Life, the Universe, and a Screwed Up Morass of Stuff


I’m lifting this quote shamelessly from Terri Windling’s beautiful blog:

“Life is wonderful and strange…and it’s also absolutely mundane and tiresome. It’s hilarious and it’s deadening. It’s a big, screwed-up morass of beauty and change and fear and all our lives we oscillate between awe and tedium. I think stories are the place to explore that inherent weirdness; that movement from the fantastic to the prosaic that is life….

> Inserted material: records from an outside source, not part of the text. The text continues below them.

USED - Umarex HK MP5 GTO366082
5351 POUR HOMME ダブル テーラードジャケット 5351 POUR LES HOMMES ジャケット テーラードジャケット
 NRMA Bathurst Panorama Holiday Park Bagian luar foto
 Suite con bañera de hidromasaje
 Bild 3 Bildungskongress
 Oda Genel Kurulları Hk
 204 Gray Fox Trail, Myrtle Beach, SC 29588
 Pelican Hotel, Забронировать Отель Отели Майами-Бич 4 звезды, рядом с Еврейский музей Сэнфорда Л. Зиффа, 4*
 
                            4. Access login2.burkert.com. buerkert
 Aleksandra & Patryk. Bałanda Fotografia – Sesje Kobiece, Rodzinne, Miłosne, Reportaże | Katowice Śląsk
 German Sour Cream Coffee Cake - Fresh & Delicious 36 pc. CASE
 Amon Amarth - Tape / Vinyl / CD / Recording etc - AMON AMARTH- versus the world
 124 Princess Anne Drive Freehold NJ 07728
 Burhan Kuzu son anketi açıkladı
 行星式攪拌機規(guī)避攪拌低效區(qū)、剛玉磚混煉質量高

“What interests me — and interests me totally — is how we as living human beings can balance the brief, warm, intensely complicated fingersnap of our lives against the colossal, indifferent, and desolate scales of the universe. Earth is four-and-a-half billion years old. Rocks in your backyard are moving if you could only stand still enough to watch. You get hernias because, eons ago, you used to be a fish. So how in the world are we supposed to measure our lives — which involve things like opening birthday cards, stepping on our kids’ LEGOs, and buying toilet paper at Safeway — against the absolutely incomprehensible vastness of the universe?

“How? We stare into the fire. We turn to friends, bartenders, lovers, priests, drug-dealers, painters, writers. Isn’t that why we seek each other out, why people go to churches and temples, why we read books? So that we can find out if life occasionally sets other people trembling, too?”

-Anthony Doerr

Well.  I think so.  Thanks, Terri.  I’m so glad I came across this quote today.

8 thoughts on “Life, the Universe, and a Screwed Up Morass of Stuff

  1. Sometimes it’s scary to think past your immediate surroundings. I walk the dogs at night and look up at the moon. We seem so fragile when I think of that huge expanse beyond it.

  2. We have this compulsion (learned I think) to want to understand what living is about because being doesn’t seem to be enough. Sharing in the experience of the universe can be quite a fantastical ride. Trying to manipulate that experience is a whole other story of the human ego.

  3. And, oops, thank you Anthony Doerr. And sorry for the double “a” and extraneous comma above. One day I will learn to read before posting. Maybe.

  4. Ohh, thank you. I really needed this this morning. The scope of human experience is truly mind-boggling – it can swamp us sometimes- and I am so very glad for storytellers like Mr. Doerr and folks like you and Ms. Windling. Thanks ever so much.